The key difference is the technical sophistication of the current AiTM kits. The 0ktapus campaign's tools were simpler, often relying on users manually entering codes, whereas the current kits actively proxy the entire authentication flow, making them much harder for users to detect. We also saw the Lapsus$ Group breach in early 2022 and the Okta Support System Breach in October 2023, both involving social engineering and aiming for session token or credential theft through third parties or support channels, Okta confirms. This consistent focus on human and process vulnerabilities highlights an ongoing challenge for identity providers.
Data at a Glance
| Metric | Value | Source |
|---|---|---|
| Campaign Start | January 22, 2026 | BleepingComputer |
| Identity Providers Targeted | 3 | SecurityWeek |
| Targeted Sectors | 4+ | BleepingComputer |
| Past Okta Campaigns (similar) | 5+ | SecurityWeek |
| Primary Data Exfil Target | 1 (Salesforce) | CybersecurityDive |
| Threat Actors Identified | 1 (ShinyHunters) | CybersecurityDive |
The CVEDaily Take
The current vishing and AiTM campaign against Okta SSO accounts showcases a critical inflection point: reliance on any MFA short of FIDO2-level phishing resistance is increasingly untenable for high-value targets.
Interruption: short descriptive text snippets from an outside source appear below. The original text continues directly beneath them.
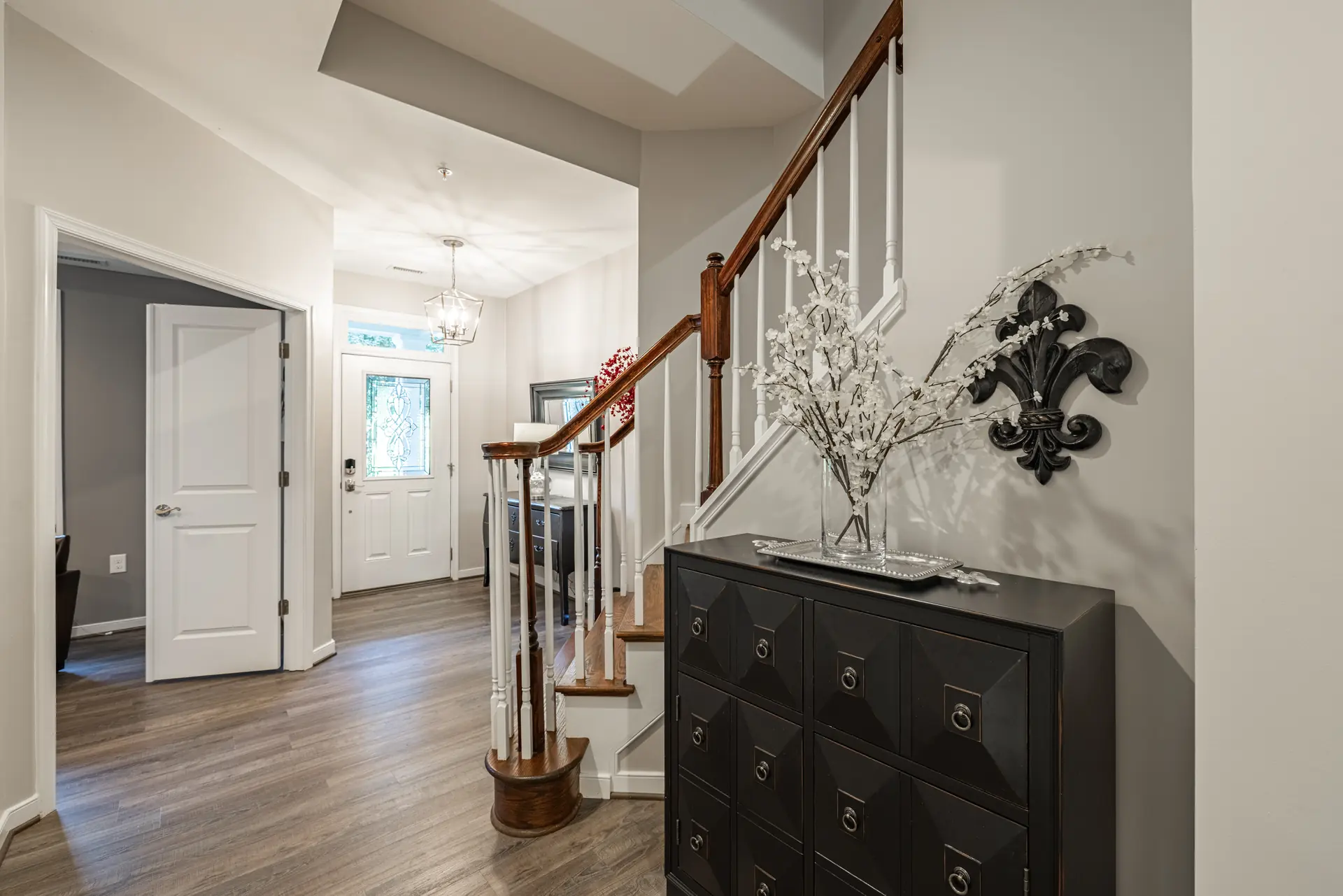 Entry foyer with staircase and front door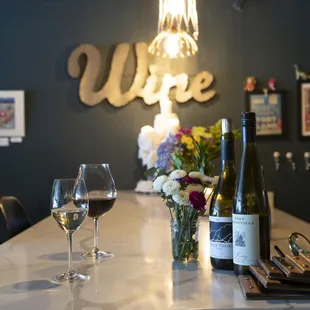 two glasses of wine and a bottle of wine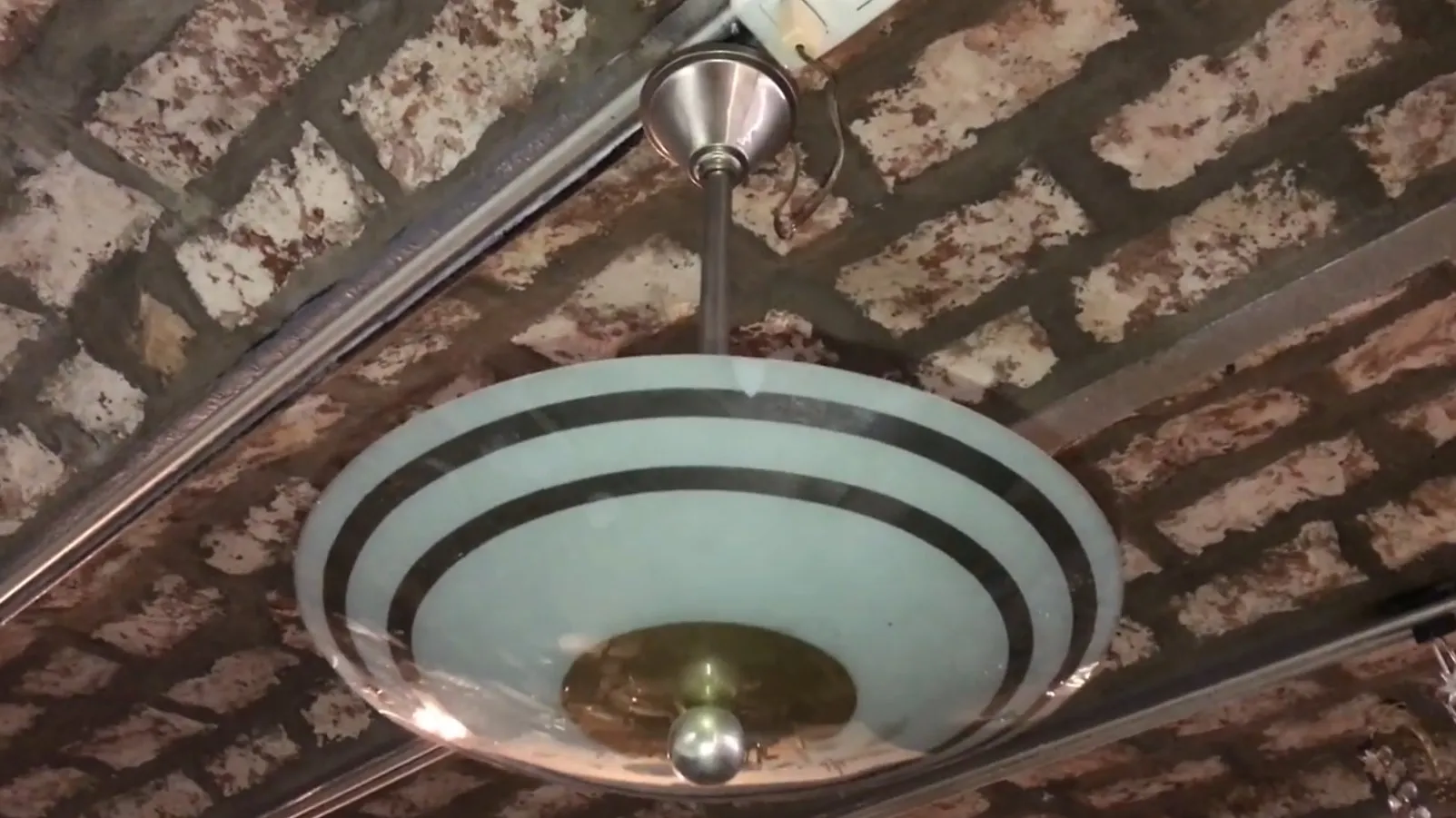 Lampada a sospensione antica con design elegante in ambiente rustico.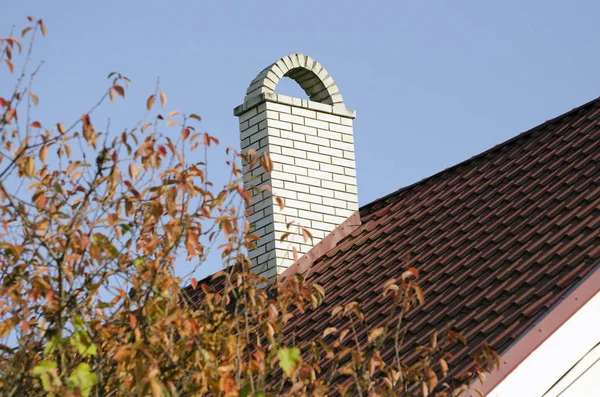 Komin z białej cegły na brązowym dachu domu — Zdjęcie stockowe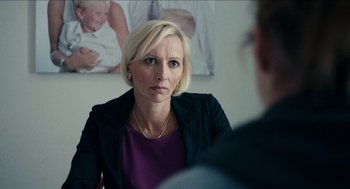 Movie still from “A Date for Mad Mary” (2016), directed by Darren Thornton – A woman sitting in front of a man in front of a picture; Close Up shot, Over the shoulder angle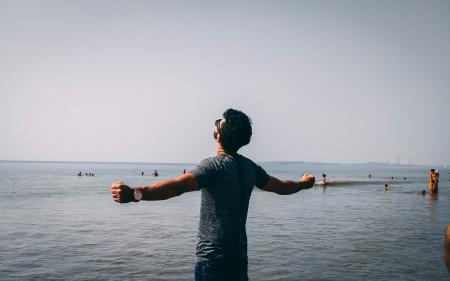 Photo of Man Wearing Gray Shirt Near Sea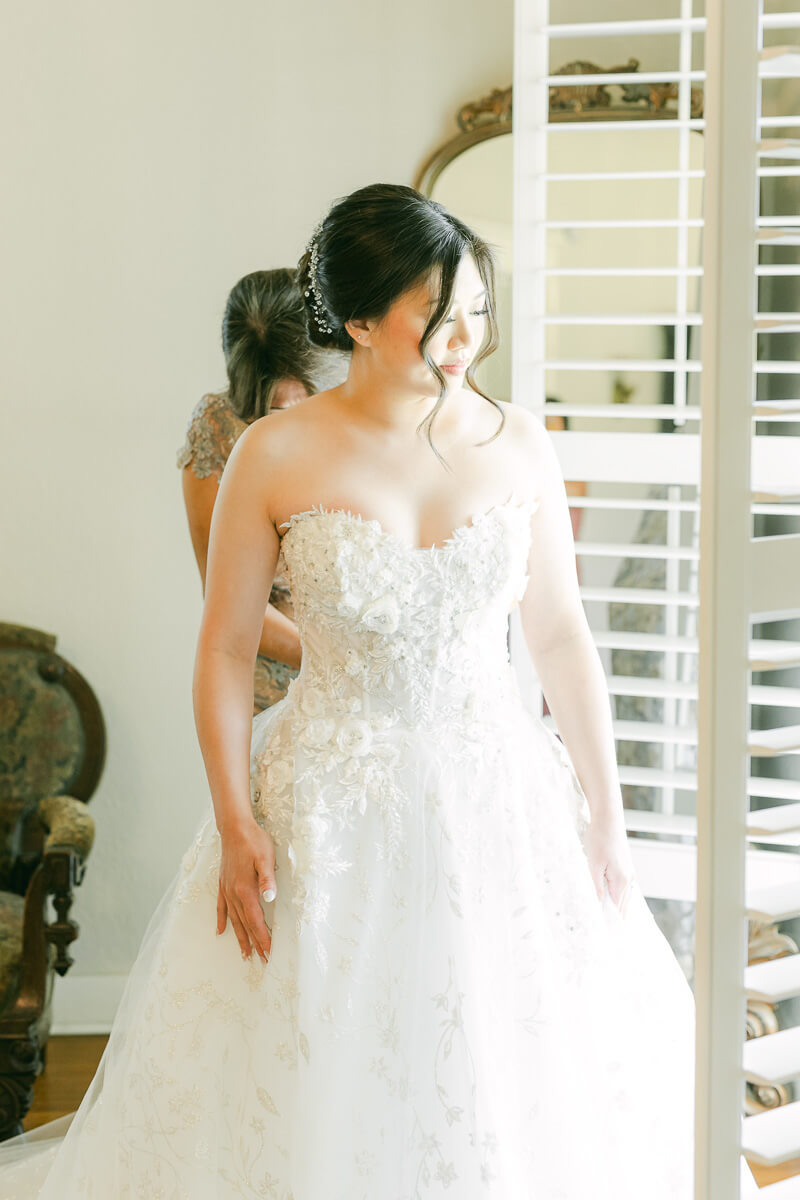 bride getting ready at cross key acres wedding venue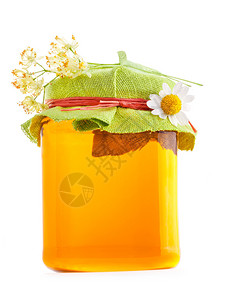 蜂蜜在玻璃罐中花朵与图片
Organizations need to assess their identity postures immediately, prioritizing hardware-backed MFA and continuous, scenario-based social engineering training. We believe the "as a service" model for these sophisticated AiTM kits significantly lowers the barrier to entry for less skilled threat actors, increasing the overall volume and success rate of these attacks. This means organizations can expect to face these threats more frequently.
Have you audited your high-privilege accounts for phishing-resistant MFA adoption this quarter?
FAQ
Q: What is the primary method attackers are using to bypass MFA in these Okta SSO attacks?
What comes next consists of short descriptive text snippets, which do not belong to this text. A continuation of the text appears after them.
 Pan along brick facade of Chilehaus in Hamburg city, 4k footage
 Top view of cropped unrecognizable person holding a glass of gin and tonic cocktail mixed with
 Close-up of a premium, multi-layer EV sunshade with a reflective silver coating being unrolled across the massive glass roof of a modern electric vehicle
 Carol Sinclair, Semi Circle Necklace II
A: Attackers are using sophisticated Adversary-in-the-Middle (AiTM) phishing kits combined with vishing (voice phishing) calls. The AiTM kits act as a real-time proxy, presenting legitimate authentication prompts from Okta, Google, or Microsoft to the victim while capturing their credentials and MFA codes (including TOTP and push-based MFA responses) before forwarding them to the actual identity provider.
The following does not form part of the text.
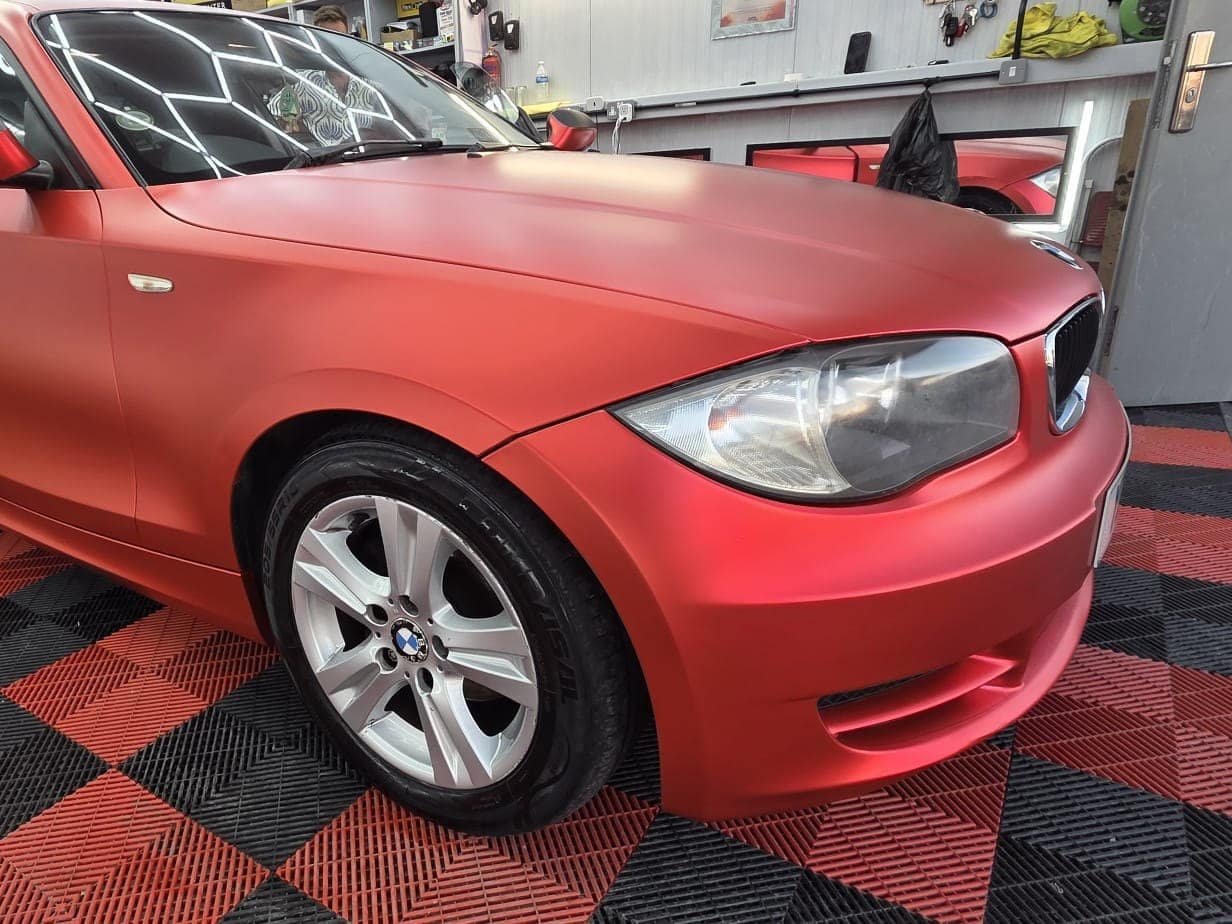 A BMW 1 Series coupé wrapped in satin red in the studio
Q: Are these attacks exploiting a vulnerability in Okta's software or infrastructure?
A: No, the attacks do not exploit a vulnerability in Okta's software or infrastructure. Instead, they exploit the real-time user interaction during the login process and leverage social engineering tactics to trick users into providing their credentials and MFA responses to a malicious, proxying site, as Okta confirmed.
Q: What specific types of organizations are being targeted by these attacks?
A: Multiple organizations across high-value and regulated sectors are being targeted, including Fintech, Wealth Management, Financial, and Advisory services, as well as cryptocurrency platforms, according to BleepingComputer. Attackers are specifically interested in exfiltrating sensitive data from connected applications like Salesforce for extortion purposes.